17. Break Up

Hal pedaled the beat up junker bike as fast as he could downhill, toward the beach. Marina barely kept up. Except for the sea in the distance they might be biking through the desert. They'd found the bikes in the shed of the house Hal had borrowed from a friend for the weekend away together he’d been tantalizing Marina with since the beginning of their relationship. After she walked out of his play at the Kaleidoscope Glynnis had kept right on walking, out of Hal’s life out last. She’d taken little Lakshmi and moved right in with Erroll Gate, her mentor, old enough to be Lakshmi’s grandpa who maybe turned out to be bisexual.
Marina was almost happy. At last she had Hal all to herself for three whole days. They’d reached the water and he set out their picnic on a mound of smooth rocks that projected over the waves. To the left was a crescent of sand and Marina ran to the water, waded in up to her knees. City ocean water was always too cold. It was never what water was supposed to be.
Hal handed her a paper cup full of white wine. She wondered if it was a good thing to drink wine on top of the acid he’d gotten her to drop before they set off on their bike ride. It was still hard for her to believe grown men dropped acid and every trip she’d ever taken in her wild days before the Partido, had been pretty much bad. Right now his face was looking devilish. She felt a rush of terror up her spine and her windpipe and shuddered. She was on a desert island with a stranger.
She barely sipped the wine and set the cup where the surf was sure to spill it.
He drew her to him and she felt the rush she always got from how he made it very clear he wanted sex. There was nobody anywhere nearby in the middle of the week, in the middle of this island where most people were weekenders. He stripped her of t shirt, her sarong, the bikini bathing suit underneath and right away put his finger inside her as he stepped out of his shorts. His touch was sending waves of sensation through her skin, up her spine. He walked her to where he’d spread a sheet, shoved her down and mounted her. For several minutes she was on the edge of orgasm, working very hard, but the acid seemed to make her unable to finish. She couldn’t tell if Hal came but he stopped. She walked naked into the water. The cold water settled the terrible enervation of her skin and groin. She dressed and walked back to where he stood on the shore, watching her.
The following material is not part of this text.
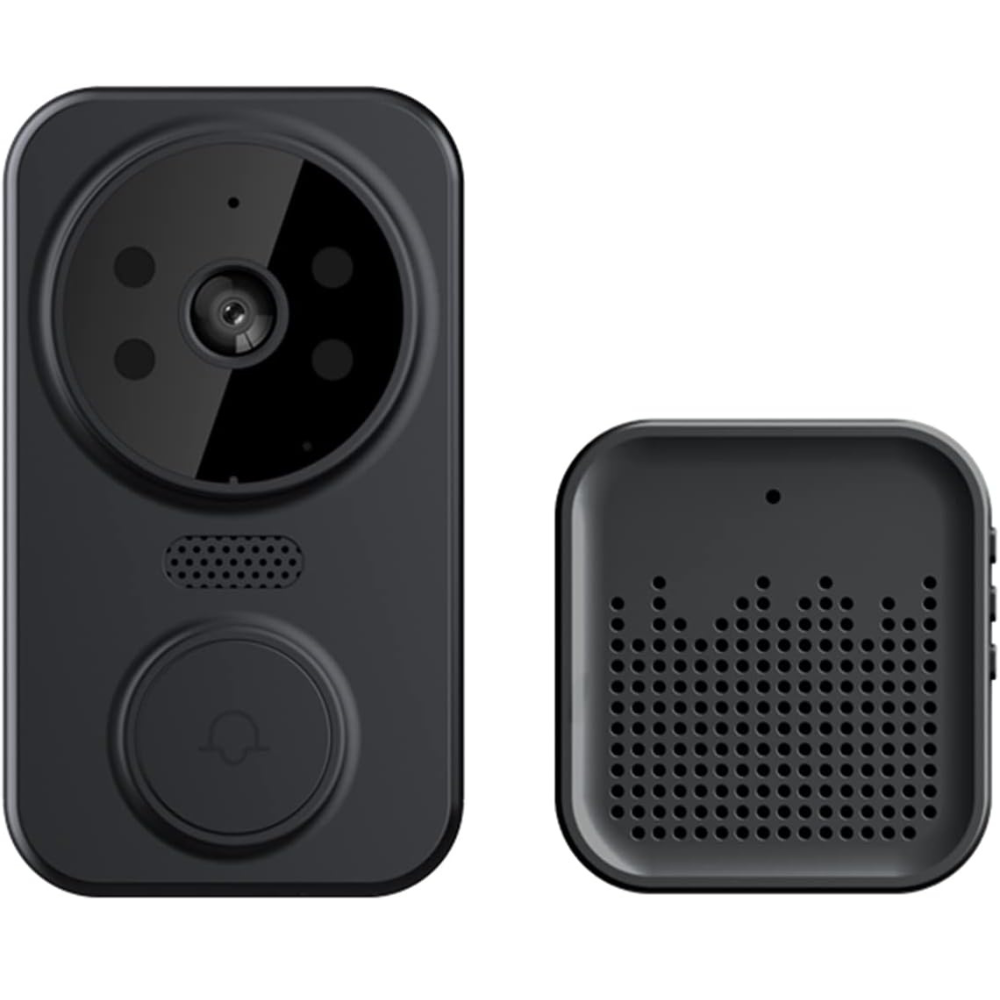 Sonerie Video Inteligenta wireless cu camera de supraveghere 1080p, interfon, functie IR Night vision, audio bidirectional si conexiune la aplicatia Tuya Android/IOS, acumulator, negru [2]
“We have to talk.” He stood with his back partly turned toward her. She could just see the side of his face. “There’s something you need to know.”
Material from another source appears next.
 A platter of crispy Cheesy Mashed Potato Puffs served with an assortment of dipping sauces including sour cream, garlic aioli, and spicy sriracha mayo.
She moved so that they were face to face. “You’re about to dump me. I can tell. You’ve got another woman. Those little jars of makeup on your bathroom you said Glynnis left behind…Glynnis doesn’t wear that crap.”
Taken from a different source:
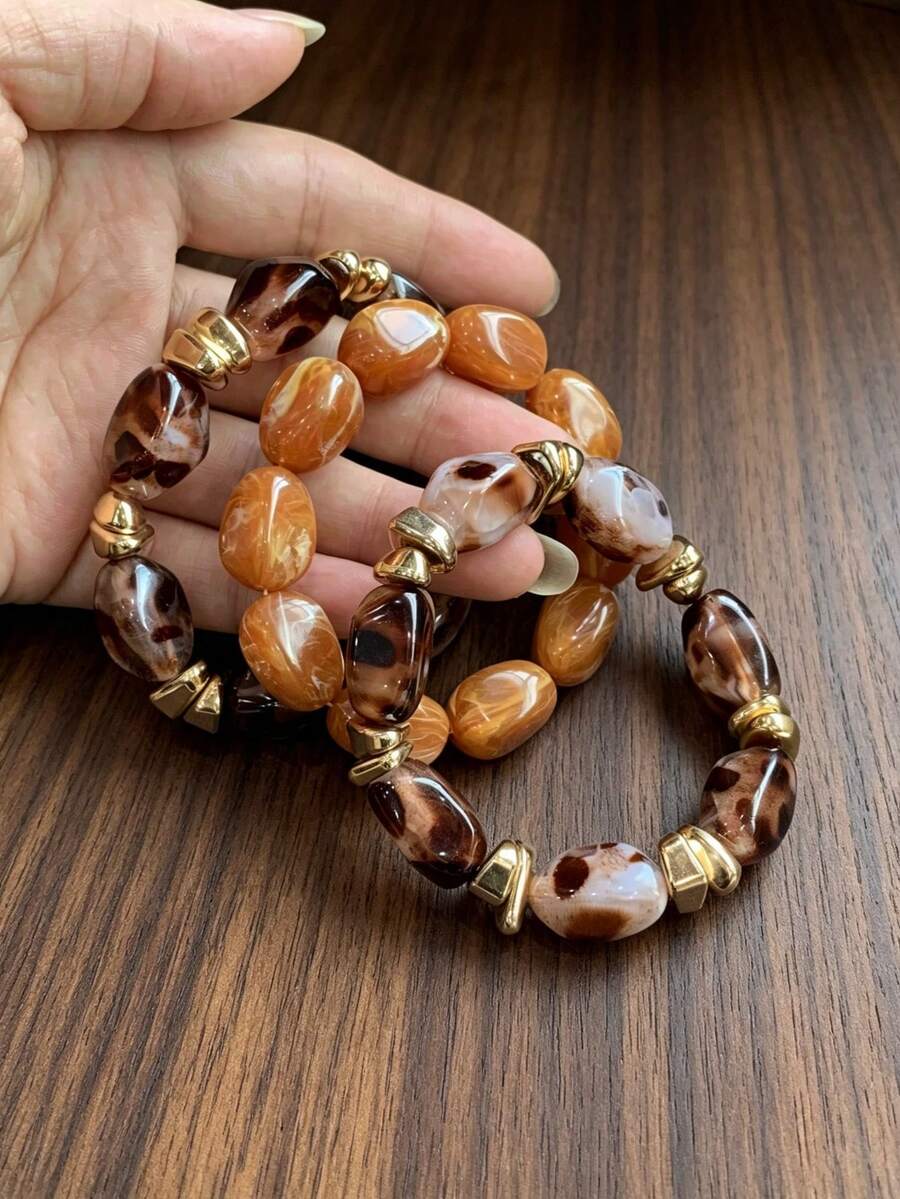 3pcs Set Fashion Vintage Bohemian Thick Multi-Layer Acrylic Beaded Bracelets For Women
She took the wine bottle and smashed it into the rocks. “You’re crazy if you think I’ll be in another triangle with you. Fucking crazy.”
He smiled. “Sometimes, don’t you wish you weren’t so strong?”
She could see right through to his inner demon. “You’re not going to jerk me around with your silver tongue.”
He was grinning. He liked drama almost as much as Glynnis did. When she got bored with her elder lover she and Hal would probably go another few rounds. “Think how much you’ve grown. Do you remember how you were when we first met?”

Marina pumped hard up the hill, propelling the bike with rage. How could she have been so stupid? She wanted to hit herself. What had she done wrong? She had been so close to perfect love and she had lost it. She had the perfect lover and she had made him turn away. Those thoughts battled others: She had been in the parking lot about to get into Ted Bundy’s car and somehow his eye was caught by someone else. Let Hal go murder some other lucky woman. She was free.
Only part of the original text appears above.